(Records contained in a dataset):
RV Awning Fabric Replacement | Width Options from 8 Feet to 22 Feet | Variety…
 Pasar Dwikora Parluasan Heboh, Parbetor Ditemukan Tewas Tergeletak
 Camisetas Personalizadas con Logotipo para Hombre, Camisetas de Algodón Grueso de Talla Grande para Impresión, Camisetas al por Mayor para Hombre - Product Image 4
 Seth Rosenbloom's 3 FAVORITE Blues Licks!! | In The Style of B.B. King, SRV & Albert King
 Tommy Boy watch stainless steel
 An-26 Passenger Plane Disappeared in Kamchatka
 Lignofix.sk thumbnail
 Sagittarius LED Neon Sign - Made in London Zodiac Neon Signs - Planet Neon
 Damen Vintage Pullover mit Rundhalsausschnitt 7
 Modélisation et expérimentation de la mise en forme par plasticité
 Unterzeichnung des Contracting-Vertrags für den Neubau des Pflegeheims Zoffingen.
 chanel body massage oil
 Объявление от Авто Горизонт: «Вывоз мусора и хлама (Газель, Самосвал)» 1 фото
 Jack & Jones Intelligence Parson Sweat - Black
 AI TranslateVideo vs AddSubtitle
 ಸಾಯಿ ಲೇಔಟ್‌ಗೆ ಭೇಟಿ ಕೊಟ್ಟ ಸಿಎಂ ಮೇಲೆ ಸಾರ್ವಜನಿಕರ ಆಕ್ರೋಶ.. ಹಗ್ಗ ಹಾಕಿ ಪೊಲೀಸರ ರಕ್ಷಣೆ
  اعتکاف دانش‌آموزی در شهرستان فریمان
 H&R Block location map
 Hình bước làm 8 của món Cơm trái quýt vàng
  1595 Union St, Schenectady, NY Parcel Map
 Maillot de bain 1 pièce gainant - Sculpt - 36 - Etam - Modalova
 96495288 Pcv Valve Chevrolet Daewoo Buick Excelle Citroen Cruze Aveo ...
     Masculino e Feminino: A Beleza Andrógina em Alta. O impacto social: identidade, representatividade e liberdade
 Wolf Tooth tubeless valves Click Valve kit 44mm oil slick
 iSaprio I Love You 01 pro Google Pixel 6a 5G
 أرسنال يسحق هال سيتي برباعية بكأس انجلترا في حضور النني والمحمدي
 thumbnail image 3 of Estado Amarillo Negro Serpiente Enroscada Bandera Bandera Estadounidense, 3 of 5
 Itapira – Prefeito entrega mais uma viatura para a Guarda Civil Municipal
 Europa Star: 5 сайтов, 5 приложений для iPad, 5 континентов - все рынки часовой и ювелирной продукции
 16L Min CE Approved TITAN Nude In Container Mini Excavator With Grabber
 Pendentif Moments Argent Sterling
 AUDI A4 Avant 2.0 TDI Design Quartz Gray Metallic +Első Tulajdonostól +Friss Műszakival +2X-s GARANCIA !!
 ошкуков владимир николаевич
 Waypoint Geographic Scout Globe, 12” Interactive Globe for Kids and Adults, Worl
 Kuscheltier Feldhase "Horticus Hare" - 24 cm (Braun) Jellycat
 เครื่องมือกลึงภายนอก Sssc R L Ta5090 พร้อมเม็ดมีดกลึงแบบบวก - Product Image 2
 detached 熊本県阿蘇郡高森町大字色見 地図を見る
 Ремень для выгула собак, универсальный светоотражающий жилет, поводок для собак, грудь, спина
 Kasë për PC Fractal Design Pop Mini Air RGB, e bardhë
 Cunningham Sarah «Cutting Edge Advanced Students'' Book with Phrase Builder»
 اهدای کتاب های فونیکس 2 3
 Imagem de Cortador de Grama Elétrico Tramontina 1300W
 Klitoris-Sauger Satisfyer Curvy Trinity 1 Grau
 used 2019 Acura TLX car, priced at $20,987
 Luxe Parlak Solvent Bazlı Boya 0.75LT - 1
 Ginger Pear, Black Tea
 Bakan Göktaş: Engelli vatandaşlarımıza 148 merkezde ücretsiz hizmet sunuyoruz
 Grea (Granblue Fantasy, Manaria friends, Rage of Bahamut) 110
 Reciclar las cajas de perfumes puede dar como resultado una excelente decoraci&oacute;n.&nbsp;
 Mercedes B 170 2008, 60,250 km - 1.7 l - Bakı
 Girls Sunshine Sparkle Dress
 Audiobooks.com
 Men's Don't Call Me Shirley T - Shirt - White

(Work task): All of the entries should be written out again exactly.

(Result):
RV Awning Fabric Replacement | Width Options from 8 Feet to 22 Feet | Variety…
 Pasar Dwikora Parluasan Heboh, Parbetor Ditemukan Tewas Tergeletak
 Camisetas Personalizadas con Logotipo para Hombre, Camisetas de Algodón Grueso de Talla Grande para Impresión, Camisetas al por Mayor para Hombre - Product Image 4
 Seth Rosenbloom's 3 FAVORITE Blues Licks!! | In The Style of B.B. King, SRV & Albert King
 Tommy Boy watch stainless steel
 An-26 Passenger Plane Disappeared in Kamchatka
 Lignofix.sk thumbnail
 Sagittarius LED Neon Sign - Made in London Zodiac Neon Signs - Planet Neon
 Damen Vintage Pullover mit Rundhalsausschnitt 7
 Modélisation et expérimentation de la mise en forme par plasticité
 Unterzeichnung des Contracting-Vertrags für den Neubau des Pflegeheims Zoffingen.
 chanel body massage oil
 Объявление от Авто Горизонт: «Вывоз мусора и хлама (Газель, Самосвал)» 1 фото
 Jack & Jones Intelligence Parson Sweat - Black
 AI TranslateVideo vs AddSubtitle
 ಸಾಯಿ ಲೇಔಟ್‌ಗೆ ಭೇಟಿ ಕೊಟ್ಟ ಸಿಎಂ ಮೇಲೆ ಸಾರ್ವಜನಿಕರ ಆಕ್ರೋಶ.. ಹಗ್ಗ ಹಾಕಿ ಪೊಲೀಸರ ರಕ್ಷಣೆ
  اعتکاف دانش‌آموزی در شهرستان فریمان
 H&R Block location map
 Hình bước làm 8 của món Cơm trái quýt vàng
  1595 Union St, Schenectady, NY Parcel Map
 Maillot de bain 1 pièce gainant - Sculpt - 36 - Etam - Modalova
 96495288 Pcv Valve Chevrolet Daewoo Buick Excelle Citroen Cruze Aveo ...
     Masculino e Feminino: A Beleza Andrógina em Alta. O impacto social: identidade, representatividade e liberdade
 Wolf Tooth tubeless valves Click Valve kit 44mm oil slick
 iSaprio I Love You 01 pro Google Pixel 6a 5G
 أرسنال يسحق هال سيتي برباعية بكأس انجلترا في حضور النني والمحمدي
 thumbnail image 3 of Estado Amarillo Negro Serpiente Enroscada Bandera Bandera Estadounidense, 3 of 5
 Itapira – Prefeito entrega mais uma viatura para a Guarda Civil Municipal
 Europa Star: 5 сайтов, 5 приложений для iPad, 5 континентов - все рынки часовой и ювелирной продукции
 16L Min CE Approved TITAN Nude In Container Mini Excavator With Grabber
 Pendentif Moments Argent Sterling
 AUDI A4 Avant 2.0 TDI Design Quartz Gray Metallic +Első Tulajdonostól +Friss Műszakival +2X-s GARANCIA !!
 ошкуков владимир николаевич
 Waypoint Geographic Scout Globe, 12” Interactive Globe for Kids and Adults, Worl
 Kuscheltier Feldhase "Horticus Hare" - 24 cm (Braun) Jellycat
 เครื่องมือกลึงภายนอก Sssc R L Ta5090 พร้อมเม็ดมีดกลึงแบบบวก - Product Image 2
 detached 熊本県阿蘇郡高森町大字色見 地図を見る
 Ремень для выгула собак, универсальный светоотражающий жилет, поводок для собак, грудь, спина
 Kasë për PC Fractal Design Pop Mini Air RGB, e bardhë
 Cunningham Sarah «Cutting Edge Advanced Students'' Book with Phrase Builder»
 اهدای کتاب های فونیکس 2 3
 Imagem de Cortador de Grama Elétrico Tramontina 1300W
 Klitoris-Sauger Satisfyer Curvy Trinity 1 Grau
 used 2019 Acura TLX car, priced at $20,987
 Luxe Parlak Solvent Bazlı Boya 0.75LT - 1
 Ginger Pear, Black Tea
 Bakan Göktaş: Engelli vatandaşlarımıza 148 merkezde ücretsiz hizmet sunuyoruz
 Grea (Granblue Fantasy, Manaria friends, Rage of Bahamut) 110
 Reciclar las cajas de perfumes puede dar como resultado una excelente decoraci&oacute;n.&nbsp;
 Mercedes B 170 2008, 60,250 km - 1.7 l - Bakı
 Girls Sunshine Sparkle Dress
 Audiobooks.com
 Men's Don't Call Me Shirley T - Shirt - White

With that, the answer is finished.